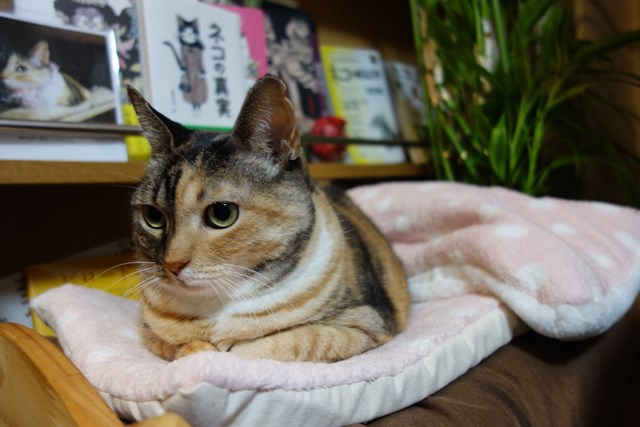 f:id:hiraryo0201:20161230111455j:plain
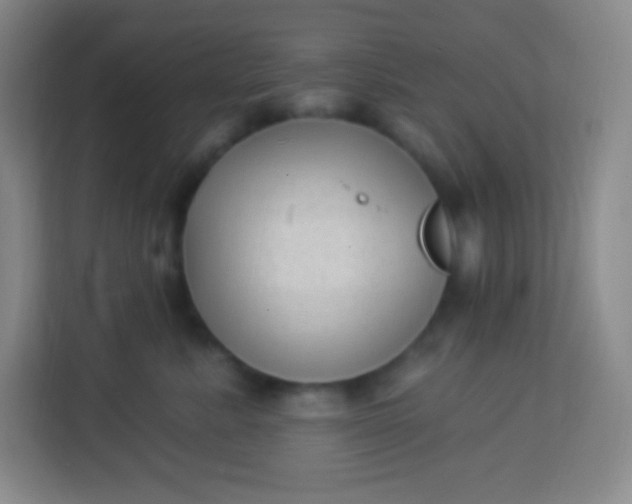 X0000113940619200910091624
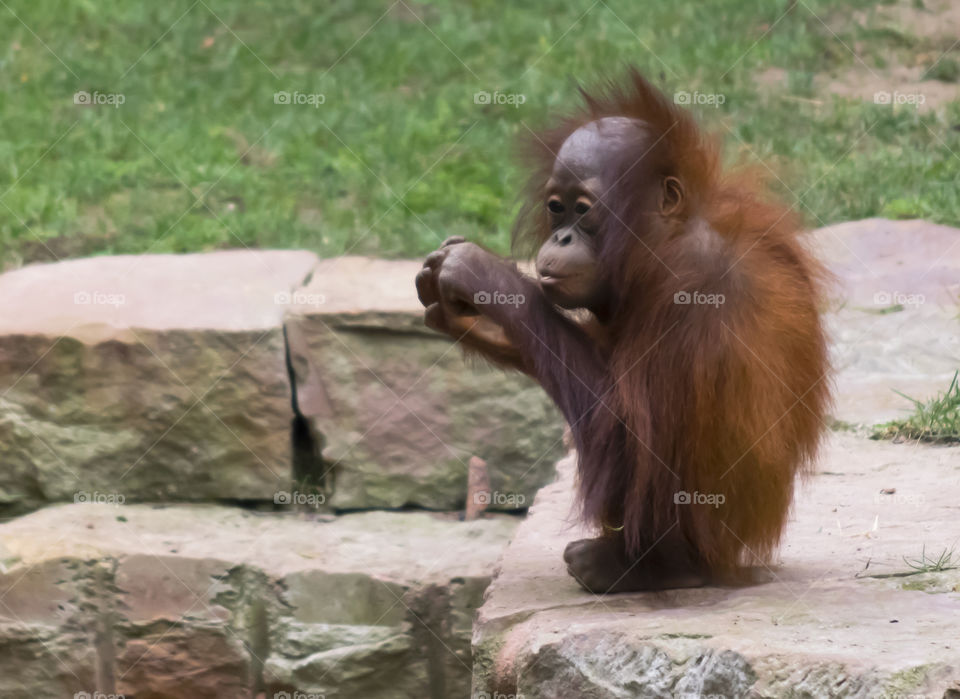 Orangutan baby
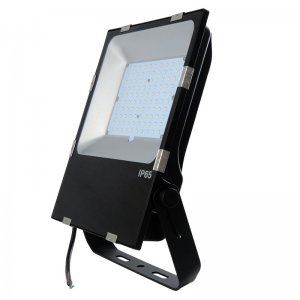 100W LED Flood Light Fixture - 17,000Lm Waterproof CE RoHS SAA Ctick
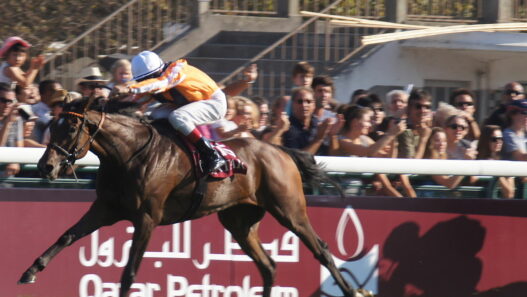 prix courses hippiques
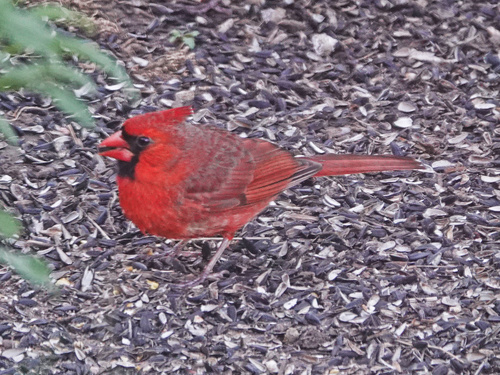 Northern Cardinal photographed in Nebraska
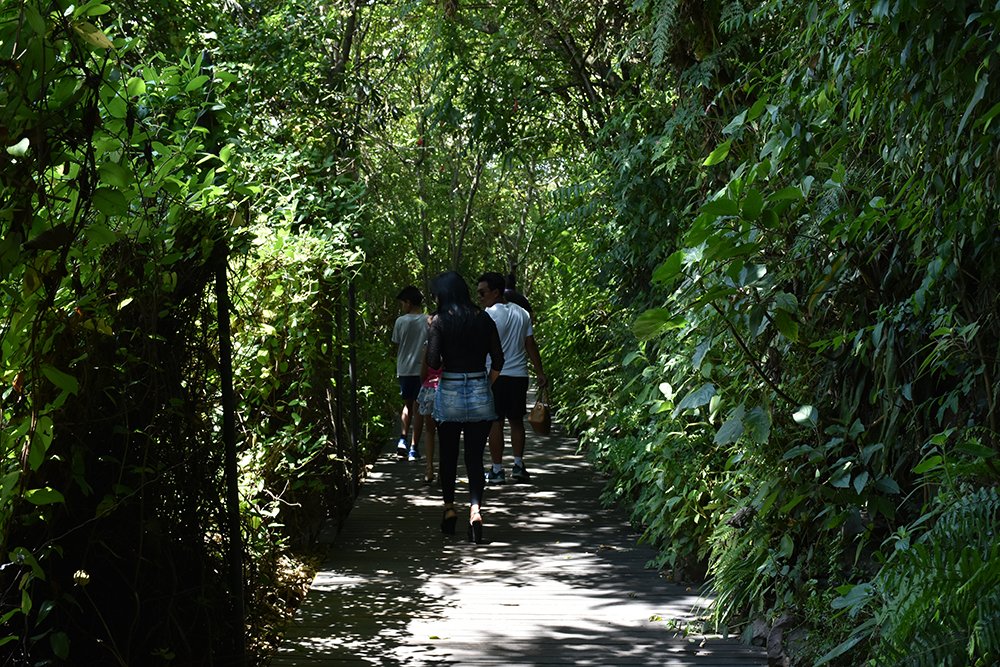 Tour "Let's Recover Our Ravine"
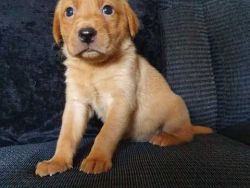 Beautiful Fox Red And Black Labrador Puppies Ready Npw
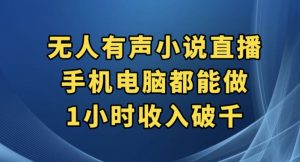 抖音无人有声小说直播,手机电脑都能做,1小时收入破千【揭秘】-第一资源库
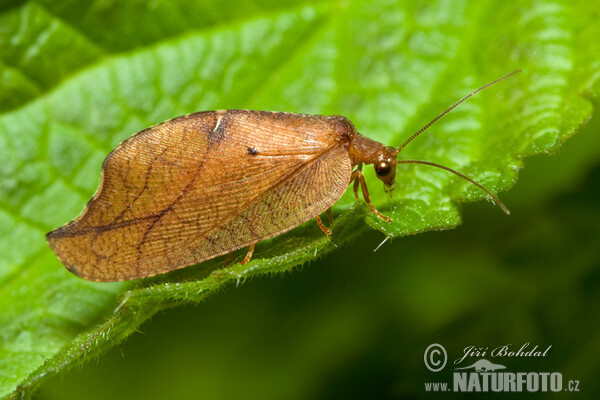 Totes Blatt (Drepanepteryx phalaenoides)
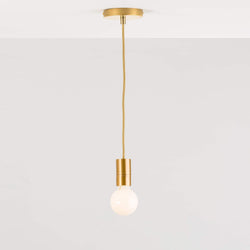 AiO Single Port Pendant Light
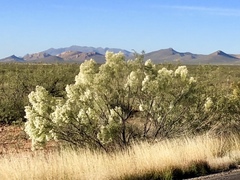 Baccharis sarothroides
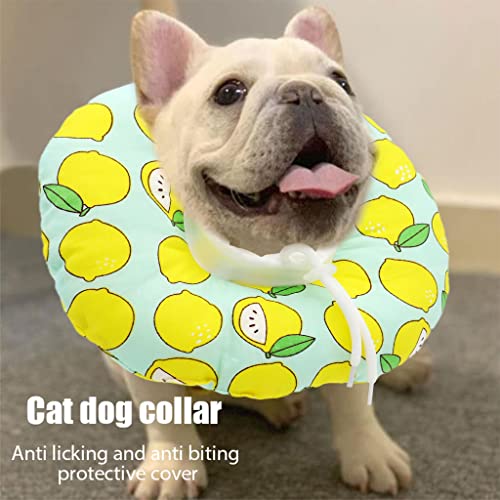 Image of Qpets Cat Cone Collar Comfy & Soft Stuffed PP Cotton Adjustable Size Machine Washable, After Surgery for Anti-Licking Dog Cone Collar,Surgery Recovery Collar for Pet (S :12-22cm)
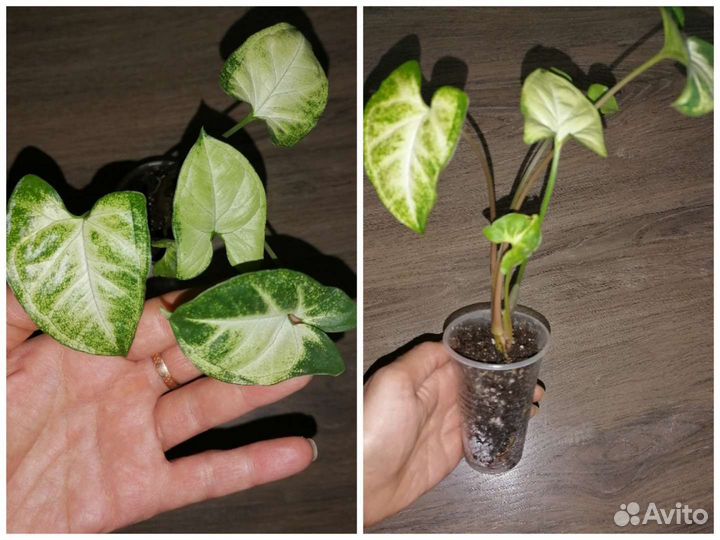 Сингониум Пикси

________________________________________

**WHAT THE TASK REQUIRES**
Copy out the whole listing exactly. Skip its pictures.

**RESULT FOR THIS TASK**
 f:id:hiraryo0201:20161230111455j:plain
 X0000113940619200910091624
 Orangutan baby
 100W LED Flood Light Fixture - 17,000Lm Waterproof CE RoHS SAA Ctick
 prix courses hippiques
 Northern Cardinal photographed in Nebraska
 Tour "Let's Recover Our Ravine"
 Beautiful Fox Red And Black Labrador Puppies Ready Npw
 抖音无人有声小说直播,手机电脑都能做,1小时收入破千【揭秘】-第一资源库
 Totes Blatt (Drepanepteryx phalaenoides)
 AiO Single Port Pendant Light
 Baccharis sarothroides
 Image of Qpets Cat Cone Collar Comfy & Soft Stuffed PP Cotton Adjustable Size Machine Washable, After Surgery for Anti-Licking Dog Cone Collar,Surgery Recovery Collar for Pet (S :12-22cm)
 Сингониум Пикси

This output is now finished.